* WORK INSTRUCTIONS:
Below are the records; copy exactly the stretch from the line containing "La Gergovienne : à" through the line containing "3 Gallon Compostable Trash Bags - Image 4", both ends included, and nothing else.

* EXCERPTED RECORDS:
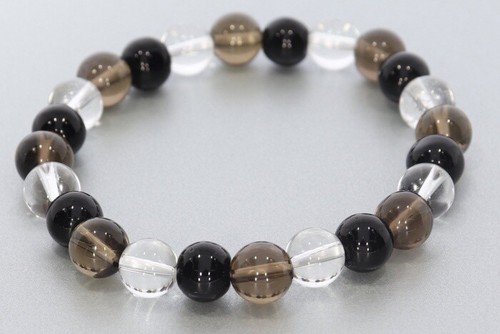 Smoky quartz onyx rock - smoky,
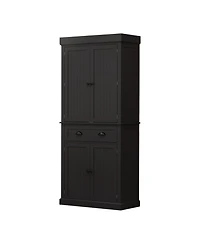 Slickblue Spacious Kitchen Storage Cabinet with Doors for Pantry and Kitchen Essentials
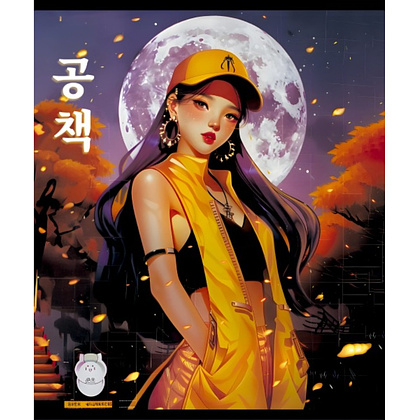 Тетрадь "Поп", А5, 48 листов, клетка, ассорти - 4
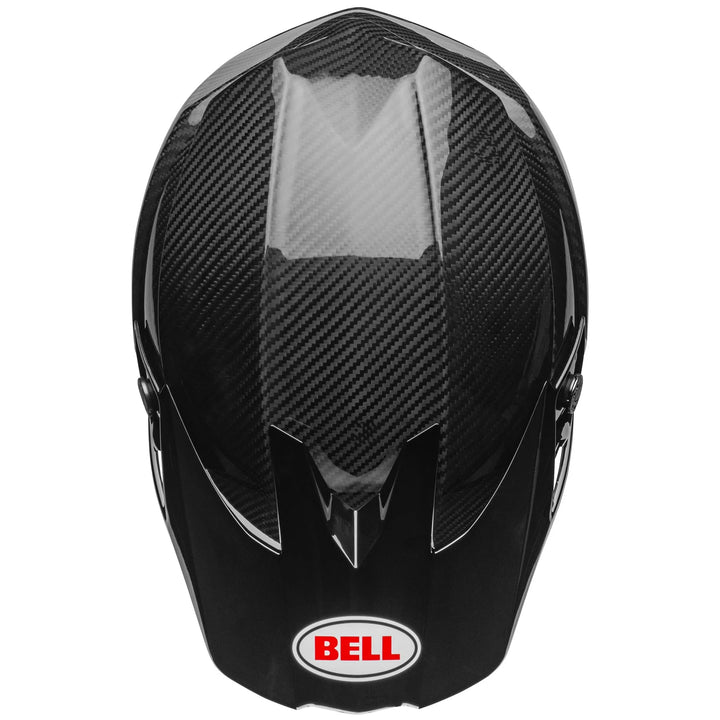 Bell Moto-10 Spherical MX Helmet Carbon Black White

==

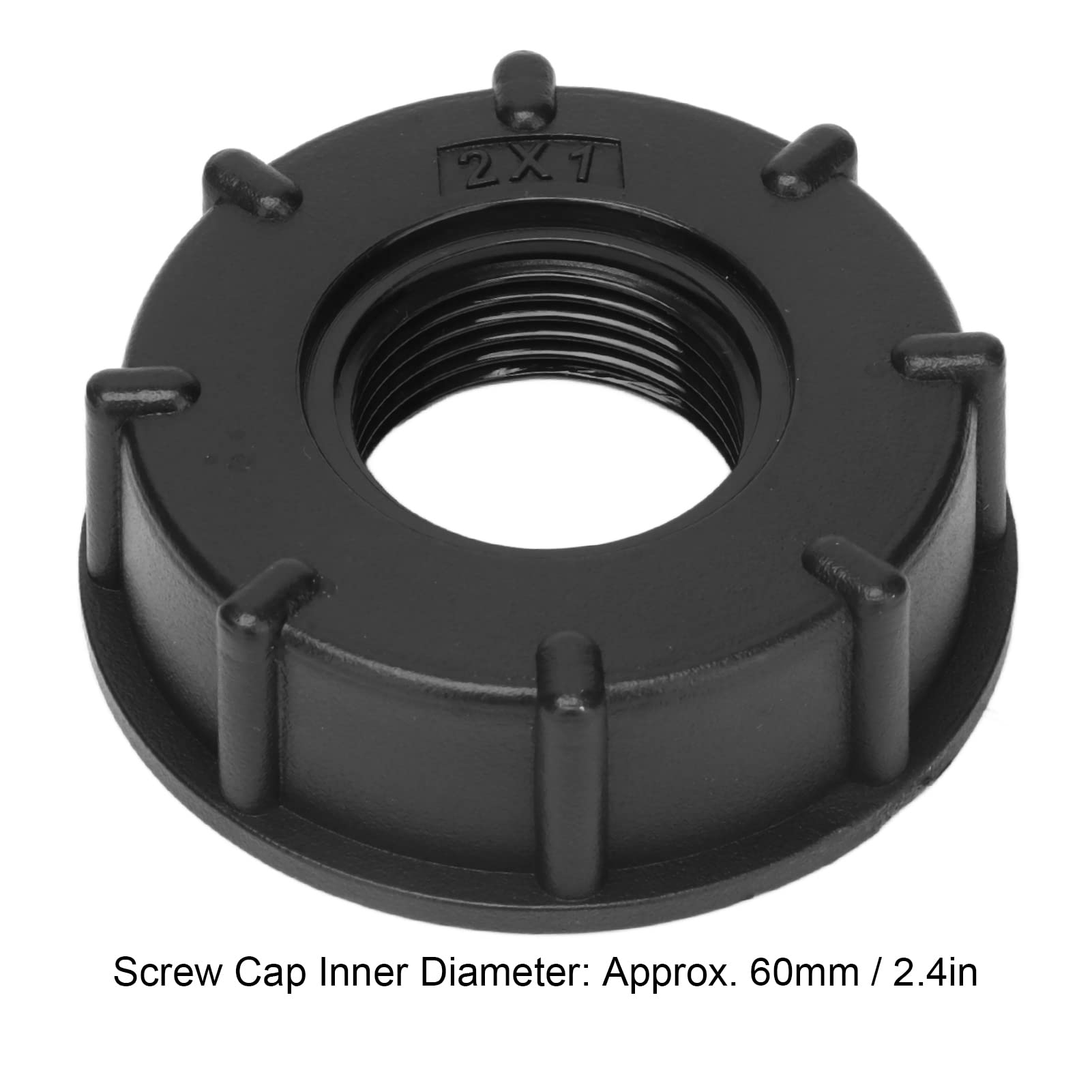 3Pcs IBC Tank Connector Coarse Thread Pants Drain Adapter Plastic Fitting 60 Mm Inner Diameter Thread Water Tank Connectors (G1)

* * *

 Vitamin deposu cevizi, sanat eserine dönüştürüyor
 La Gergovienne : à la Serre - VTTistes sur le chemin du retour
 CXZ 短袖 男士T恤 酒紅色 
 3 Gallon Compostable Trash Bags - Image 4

* SOLUTION FOR THIS EXERCISE:
 La Gergovienne : à la Serre - VTTistes sur le chemin du retour
 CXZ 短袖 男士T恤 酒紅色 
 3 Gallon Compostable Trash Bags - Image 4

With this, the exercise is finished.